Workers declared as compatible for a model can now be viewed and managed through the API, using the new endpoints CreateModelCompatibleWorker and DestroyModelCompatibleWorker. They can also be managed from the user interface: in a workers section in the list of available models, or from the model details page.

manage workers button

manage workers modal

Using the API endpoints UpdateModel or PartialUpdateModel, models can now be marked as archived, which hides them from the available models list and makes them impossible to use on processes.
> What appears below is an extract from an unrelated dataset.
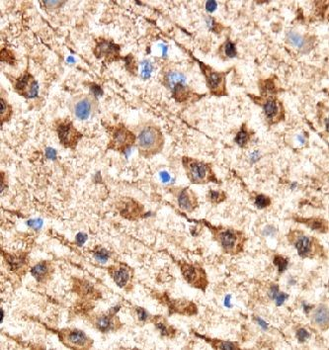 STX6 Rabbit Polyclonal Antibody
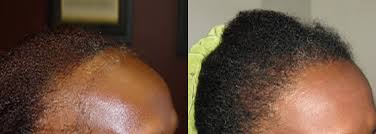 The celebrity hairtransplant before and after photos clearly reveal the reality that hair transplant can suit to people if they bother to make it happen by expert persons. African American Hair Transplant Ziering Medical Get Appointment Now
Future releases will include the option to archive or unarchive from the Arkindex frontend, as well as support for an automatic removal of any archived models that have not produced any existing worker results.

A model version's parent ID can now be unset, using the API or the Django admin.

The frontend interface to add new members to models has been fixed.

Performance

The ListTranscriptions API endpoint has been optimized, which should prevent timeouts when using the recursive, worker_version and element_type filters.

Processes

The project worker activities page has been removed, as it was both confusing and rarely used.

When creating a process from elements filtered by a classification, that classification filter is now propagated to the process elements list.

classification filter 2

classification filter 1

A record of the link between a task and the worker run it was created for is now being kept, so that when a task fails, only the worker activities of the relevant worker run are set to an error state.

Tasks now have restrictions on their state updates from Ponos agents, to warn about situations that should not be normally possible.

An issue that could prevent a process' worker runs from being listed on slow connections or slow instances was fixed.

Worker version created through the CreateDockerWorkerVersion API endpoint are not longer treated as unavailable when applying a template.

Attempting to delete a process whose worker runs are linked to existing worker results now shows an explicit error message, instead of causing database errors.

Imports

Importing PDF files from an S3 bucket now extracts the JPEG images of the PDF, instead of relying on Cantaloupe's PDF support. This improves performance for very large PDFs.

Transkribus archive imports no longer cause errors when importing PNG files.

The frontend file import now supports .zip and .tar.gz archive files.